[Brief descriptive captions]
=== Section Start ===

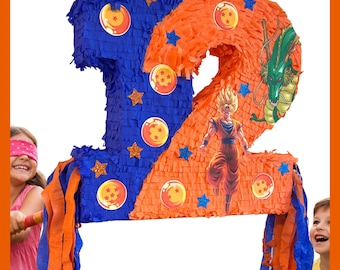 23" Anime Number Piñata. Sturdy for extra fun, ideal for birthdays. Choose your colors and details.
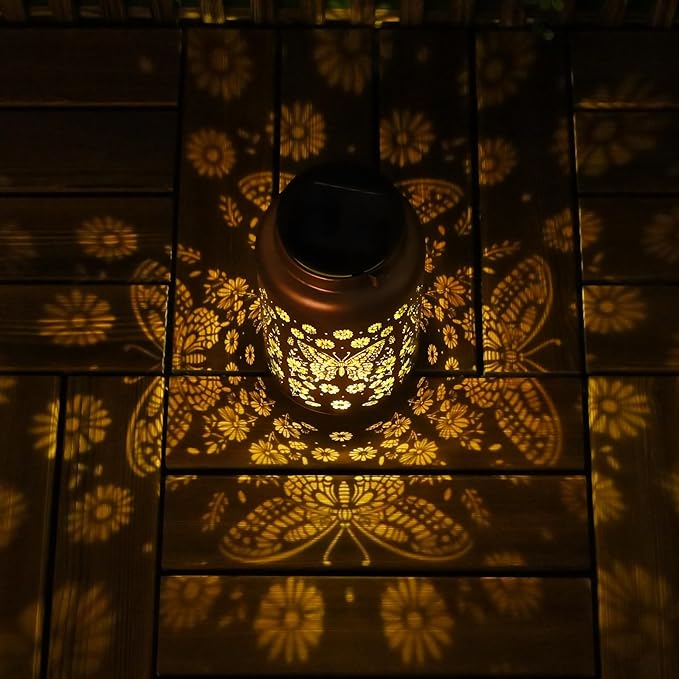 Mothers Day Gifts for Women Mom Grandma, Birthday Gifts Butterfly Solar Lights Outdoor Waterproof, Decoration Outside for Outdoor, Yard, Garden Decor Butterflies Solar Lantern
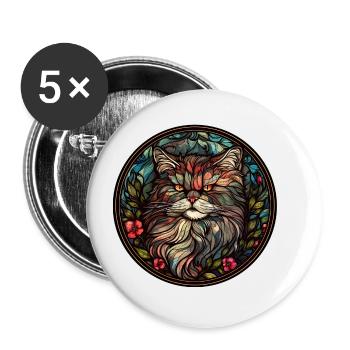 Ragamuffin Cat Breed Aquarelle Verre - Lot de 5 grands badges (56 mm) - blanc - Devant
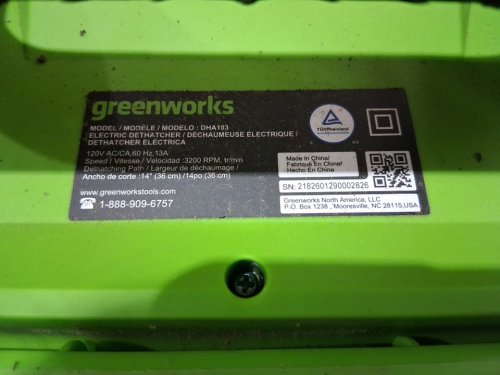 GREENWORKS 13 AMP 14" CORDED DETHATCHER (MODEL: DHA103) image 7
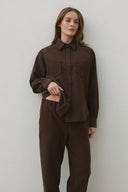 Set - Camicia oversize e Pantalone baggy Caffè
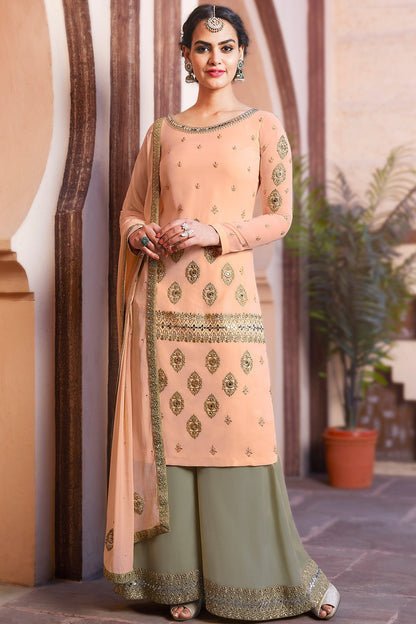 Peach and Smoke Grey party wear Palazzo style suit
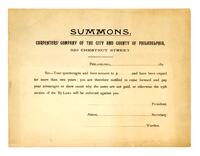 Blank summons of the Carpenters' Company, 1890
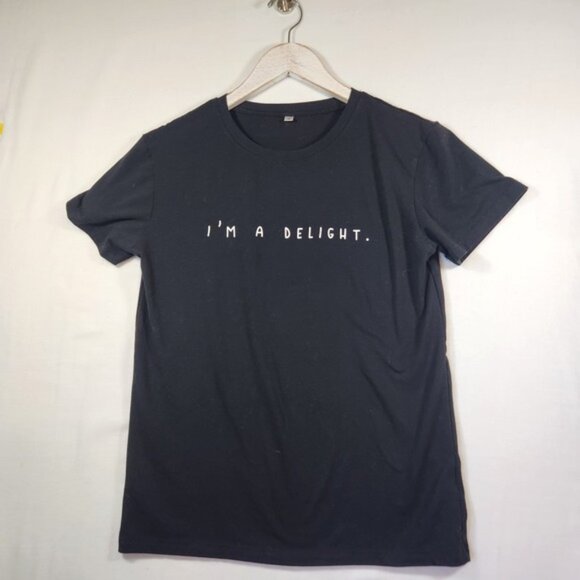 Tops - I'm A Delight Graphic T-Shirt Black Short Sleeve Crew Neck S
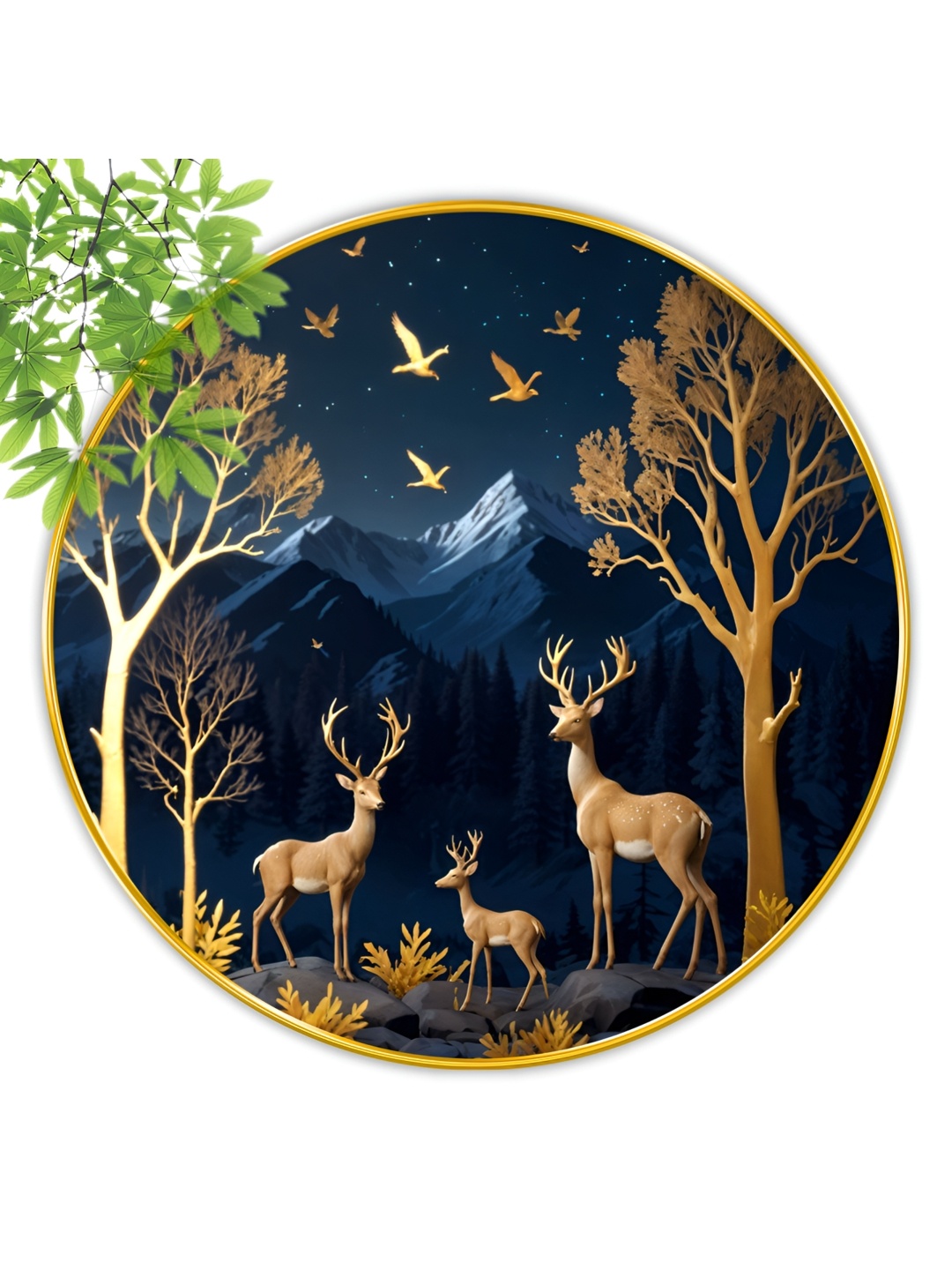 

Aura Gold-Toned & Blue Nature Round Shaped Wooden Wall Art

=== Section End ===

Task:
Write out the records once more, exactly as they stand, with no images.

Exercise answer:
 23" Anime Number Piñata. Sturdy for extra fun, ideal for birthdays. Choose your colors and details.
 Mothers Day Gifts for Women Mom Grandma, Birthday Gifts Butterfly Solar Lights Outdoor Waterproof, Decoration Outside for Outdoor, Yard, Garden Decor Butterflies Solar Lantern
 Ragamuffin Cat Breed Aquarelle Verre - Lot de 5 grands badges (56 mm) - blanc - Devant
 GREENWORKS 13 AMP 14" CORDED DETHATCHER (MODEL: DHA103) image 7
 Set - Camicia oversize e Pantalone baggy Caffè
 Peach and Smoke Grey party wear Palazzo style suit
 Blank summons of the Carpenters' Company, 1890
 Tops - I'm A Delight Graphic T-Shirt Black Short Sleeve Crew Neck S

Aura Gold-Toned & Blue Nature Round Shaped Wooden Wall Art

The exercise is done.